Saturday, January 29, 2011

Free PHP Rotten Tomatoes Scraping API

In continuation to my previous posts on PHP and ASP.NET IMDb Scraping API’s, I have designed one more movie information scraping API for RottenTomatoes.com. Rotten Tomatoes is one of the most popular movie review website which provides a comprehensive movie rating system involving critics from all the popular news networks.

This API includes scraping of lot of attributes from Rotten Tomatoes along with the functionality of scraping newly released DVD list.

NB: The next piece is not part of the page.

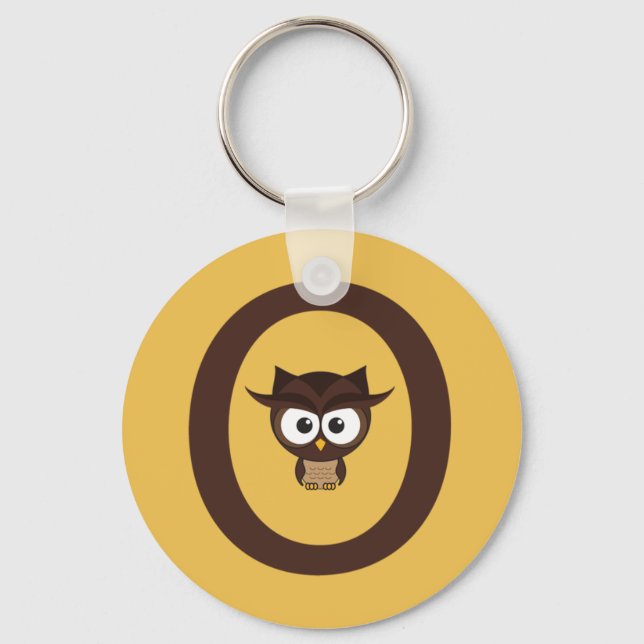 O - Owl Key Ring (Front)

You can extend the PHP code on your own to include more functionality or drop a comment here and I’ll try to help you as much as I can.

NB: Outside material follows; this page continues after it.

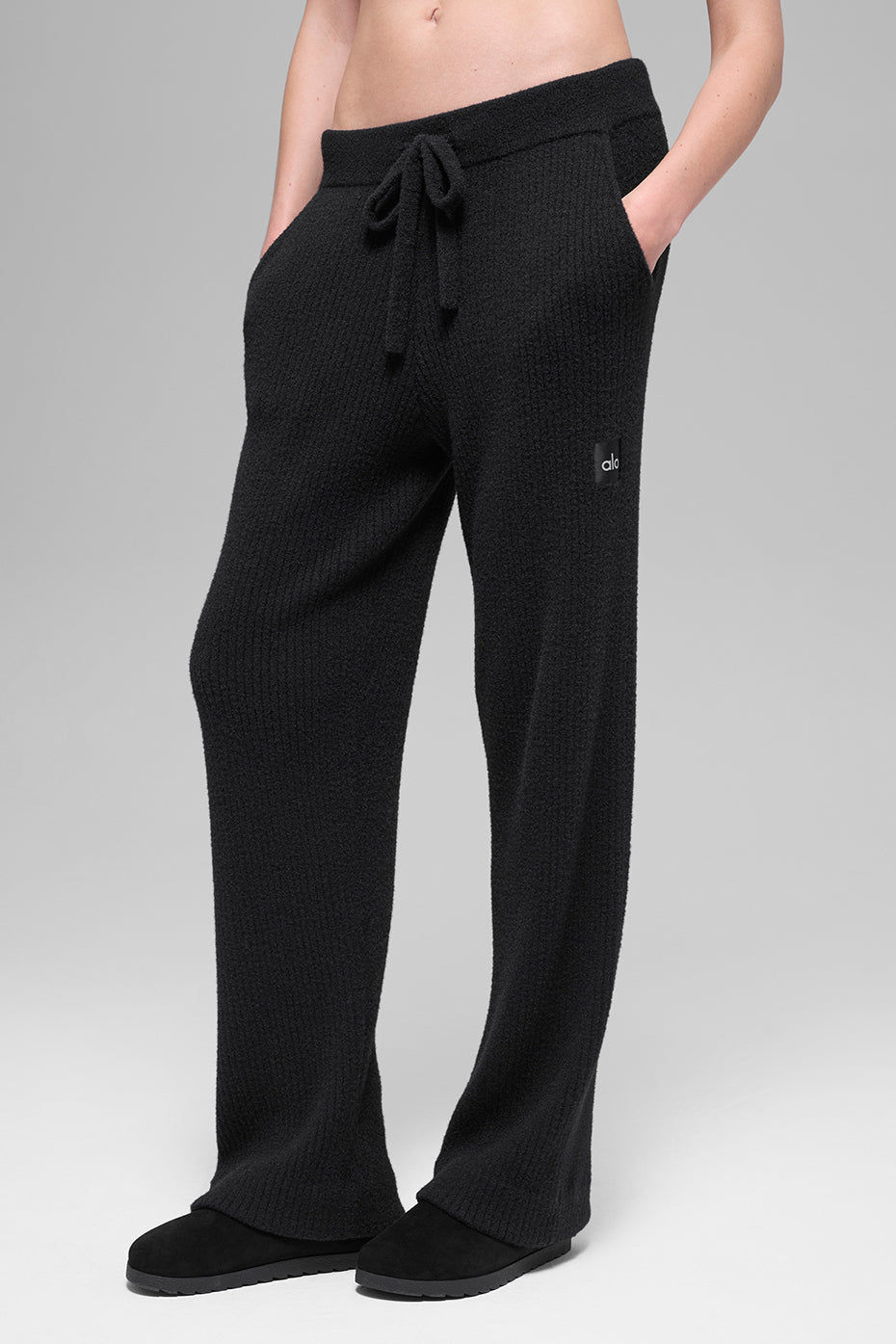 Pantalon Large Taille Haute Sweat Snuggle Up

Here is a list of all the attributes it scraps from Rotten Tomatoes page:

  1. TITLE
  2. YEAR
  3. POSTER
  4. ALL_CRITICS_PERCENTAGE
  5. ALL_CRITICS_AVERAGE_RATING
  6. ALL_CRITICS_COUNT
  7. USER_PERCENTAGE
  8. USER_AVERAGE_RATING
  9. USER_COUNT
  10. GENRES
  11. SYNOPSIS
  12. MPAA_RATING
  13. RUNTIME
  14. RELEASE_DATE
  15. BOX_OFFICE
  16. DIRECTORS
  17. WRITERS
  18. CAST
  19. REVIEWS

How to use this API:
Include the class file on your php page
include("rottentomatoes.php");
Instantiate the class and get the results in an array:
$rottentomatoes = new RottenTomatoes();
$movieArray = $rottentomatoes->getMovieInfo("Inception");

How to get the New DVD Release list:
$rottentomatoes = new RottenTomatoes();
$dvdArray = $rottentomatoes->getNewDvdReleases();

You can try this scraper on my lab page: http://lab.abhinayrathore.com/rottentomatoes/

Download PHP Source Code: http://lab.abhinayrathore.com/rottentomatoes/rottentomatoes2.htm

Example usage: http://lab.abhinayrathore.com/rottentomatoes/usage.txt

If you need some more additions or corrections to this API, please drop a comment here and I’ll try to include it asap.

16 comments:

  1. This comment has been removed by the author.

    ReplyDelete
  2. Abhinay you are a genius! I was thinking about asking you if there were any plans on covering Rotten Tomatoes as well, but I decided that it was asking for too much after the wonderful job you did on the IMDb Scraper. Will there be a compiled dll as well, for this release as well?

    Sincerely,

    Martien Oranje

    ReplyDelete
  3. I think I found a way to scrape big posters as well (400x600), I don't know if you find that interesting. Anyway here's how:

    Go to the movies' picture page:
    http://www.rottentomatoes.com/m//pictures/

    Search for this line (only the number after context is variable). This should give you a the first poster shown when browsing RT for posters.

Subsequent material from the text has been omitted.